After locating the line containing "What We Do In", transcribe that line and all following lines exactly, stopping only at the end of the records.

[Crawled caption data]
-- Opening Marker --
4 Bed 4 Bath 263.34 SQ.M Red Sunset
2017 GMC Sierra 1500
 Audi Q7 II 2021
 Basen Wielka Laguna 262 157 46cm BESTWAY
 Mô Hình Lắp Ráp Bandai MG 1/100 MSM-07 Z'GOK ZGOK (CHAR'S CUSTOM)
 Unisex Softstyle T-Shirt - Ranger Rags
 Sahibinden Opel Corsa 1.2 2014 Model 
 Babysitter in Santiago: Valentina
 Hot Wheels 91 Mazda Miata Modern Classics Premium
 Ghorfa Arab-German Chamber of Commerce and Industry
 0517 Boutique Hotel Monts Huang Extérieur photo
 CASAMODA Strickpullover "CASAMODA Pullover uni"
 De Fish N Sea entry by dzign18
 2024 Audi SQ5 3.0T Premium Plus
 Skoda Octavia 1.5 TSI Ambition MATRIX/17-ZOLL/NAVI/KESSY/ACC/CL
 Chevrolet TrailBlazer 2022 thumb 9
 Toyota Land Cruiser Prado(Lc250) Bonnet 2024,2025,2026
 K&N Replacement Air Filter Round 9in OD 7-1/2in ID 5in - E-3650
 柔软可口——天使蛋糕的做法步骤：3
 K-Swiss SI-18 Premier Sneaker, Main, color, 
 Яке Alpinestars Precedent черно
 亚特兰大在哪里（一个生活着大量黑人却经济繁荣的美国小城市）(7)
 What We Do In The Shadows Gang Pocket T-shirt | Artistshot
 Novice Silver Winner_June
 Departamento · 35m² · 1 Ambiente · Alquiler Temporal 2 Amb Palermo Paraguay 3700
-- Closing Marker --
> Response area:
 What We Do In The Shadows Gang Pocket T-shirt | Artistshot
 Novice Silver Winner_June
 Departamento · 35m² · 1 Ambiente · Alquiler Temporal 2 Amb Palermo Paraguay 3700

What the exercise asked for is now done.